= Veronica Malone =

American swimming coach (born 1949)

Veronica Malone (formerly Peter Donovan Malone) (b. 1949) is a former swimming coach from the United States. She served as the head coach and general manager for the Kansas City Blazers Swim Team in Kansas City, Kansas & Missouri from 1975 to 2010. During her career she coached four Olympic gold medalists: Janie Wagstaff, Catherine Fox, Scott Goldblatt and Shannon Vreeland. She was recipient of the USA Swimming Award in 2001.
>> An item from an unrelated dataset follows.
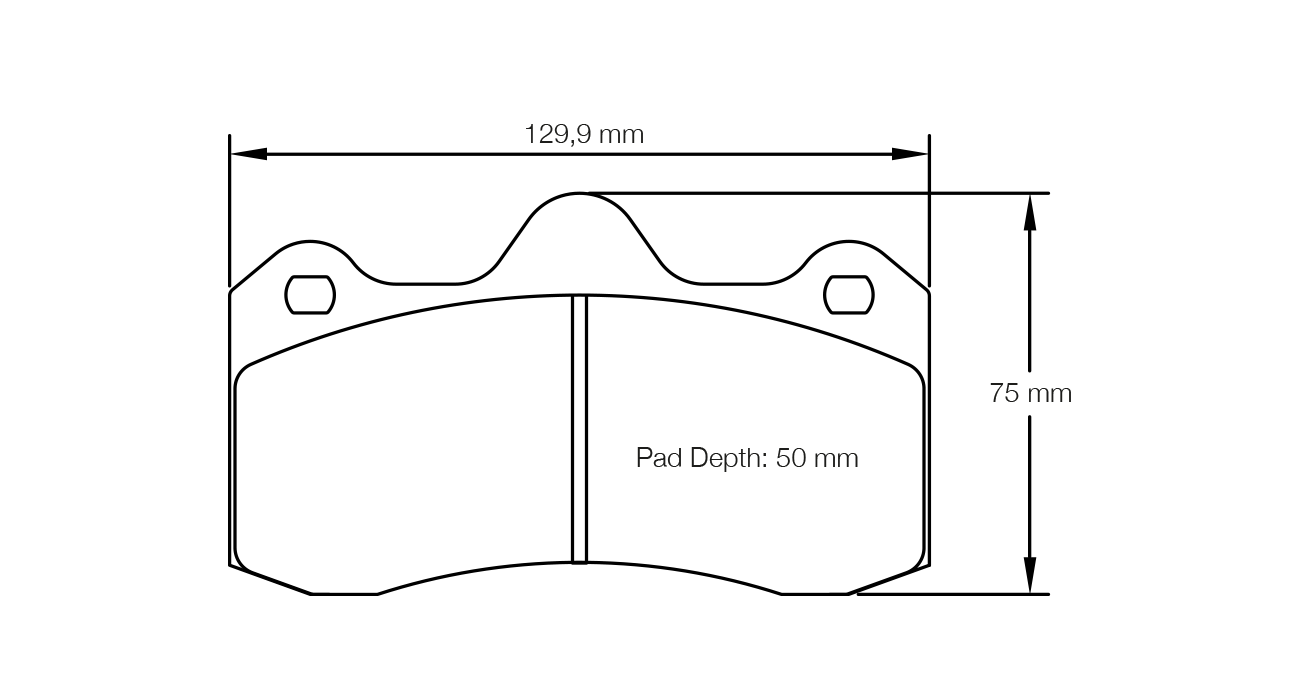 PAGID 8214-RSL29 Brake pads RSL29 AP Racing CP6627 D51 Photo-0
==Personal life and education==
Malone graduated from the University of Toledo with an Ohio teacher's degree in business education. She married and had three children. Following retirement from coaching, Malone began gender transition, and is now known as Veronica Malone.

== Career ==
===Coach===
While at university Malone coached swimming, three years as assistant and three years at head coach. From 1968 to 1975 Malone was an assistant coach at the Greater Toledo Aquatic Club. From 1975 to 2010 she was head coach of the Kansas City Blazers swim team. Other coaching roles included:
- 1981, 1985, 1988, 1991, 1993: USA national team, assistant coach
- 1988, 1992, 1996: USA Olympic teams, consulting coach
- 1994: USA team, world championships - head coach
- 1996: USA swimming junior team - head coach
- 1999: USA women's swimming 1999 Pan American Games - head coach
- 2004: USA women's swimming - head coach

===Roles===
Roles for USA Swimming included:
- 1982–1986 and 1992–1996: board of directors member
- 1984–2008: Olympic international operations committee member
- 1992–2004: national steering committee
- 2004–2008: senior development committee chair
- National time standards committee chair
She was also American Swimming Coaches Association (ASCA) board of directors 1991–1994 and 1995–2004 and vice-president from 1995–2001, 2002–2007

==Awards==
- 1977–2009: ASCA certificate of excellence recipient, including the gold award for over 20 years of national level coaching
- 2001: USA swimming award for outstanding contribution to the United States and to the sport of swimming
- 2009: ASCA hall of fame inductee
- American Swimming Coaches Association Hall of Fame
- USA Swimming's "Top 25 most influential people in the history of swimming"

==Transgender rights advocacy==
Since transitioning Malone has become an advocate for transgender rights. She has had leadership roles in Parents and Friends of Lesbians and Gays (PFLAG) and her local chapter of Gay, Lesbian and Straight Education Network (GLSEN).